La terza e ultima causa di queste violenze è la scarsa cultura sportiva del nostro Paese. In Italia, lo sport è ancora visto quasi come un semplice hobby, un’attività da fare dopo la scuola o il lavoro, un qualcosa di secondo piano. Solo negli ultimi anni, si sta, fortunatamente, iniziando a promuovere lo sport come pratica da attuare per migliorare il proprio stato di salute e/o prevenire malattie cronico-degenerative come il diabete o l’ipertensione (malattie che hanno un elevato impatto economico negativo sul bilancio del Sistema Sanitario Nazionale).

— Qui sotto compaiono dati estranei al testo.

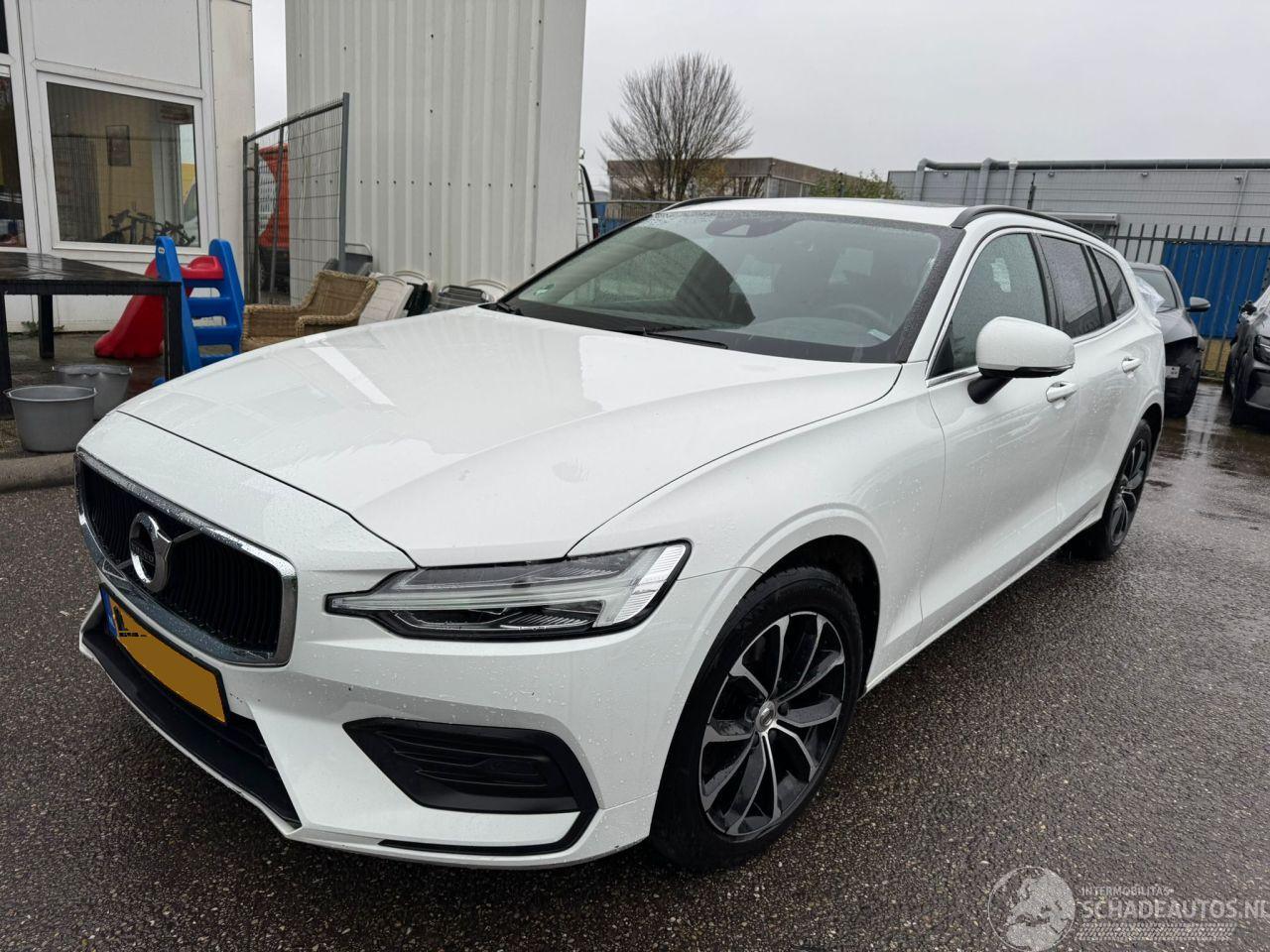 Volvo V-60 2.0 B3 Momentum Business AUTOMAAT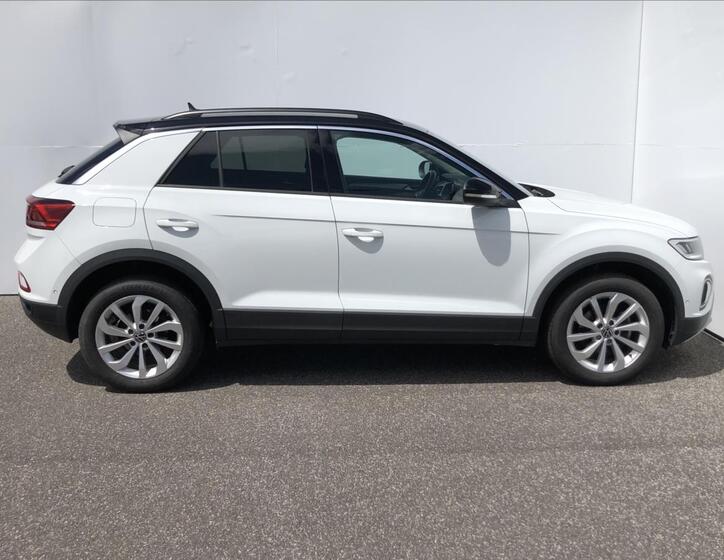 Volkswagen T-Roc 10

Siamo però ancora lontani anni luce da ciò che avviene in altri Stati dell’Unione Europea, per non parlare degli Stati Uniti dove lo sport va praticamente di pari passo con l’istruzione sin dalla tenera età. Non sarebbe quindi il caso di iniziare, finalmente, a introdurre lo sport e l’insegnamento della cultura sportiva nelle nostre scuole? Così facendo, si farebbe capire, soprattutto ai più piccoli, che lo sport non è guerra o una battaglia nella quale tutto è lecito ma è un mondo meraviglioso ricco di storie, personaggi, valori e sani principi da adottare. Così facendo, si inizierebbe a creare una generazione “sportiva” e che comprende il reale significato dello sport e della competizione. E per quelli che sono già adulti? Per questi, gli unici interventi possibili e immediatamente applicabili (o quasi), sono due: pene severe e certe per coloro che commettono fatti di violenza negli stadi e obbligare i media a fare comunicazione corretta e con “toni più bassi” in quanto questi, molto spesso, per vendere qualche copia in più o fare qualche punto in più di share, “pompano” in modo eccessivo una partita, facendo quindi salire la tensione dei tifosi già diversi giorni prima del matchday.
In Italia, soprattutto in questo periodo storico, si tende spesso a generalizzare e banalizzare le cose, a maggior ragione quando riguardano lo sport o il calcio che ormai è, nell’immagine comune, uno sport non più adatto alle famiglie. Forse però, è arrivato il momento di aprire gli occhi, di analizzare le cose in modo completo e sotto più punti di vista, di fare mea culpa e far tornare il calcio uno sport alle quali tutti, grandi e piccoli, possono assistere in piena tranquillità e serenità.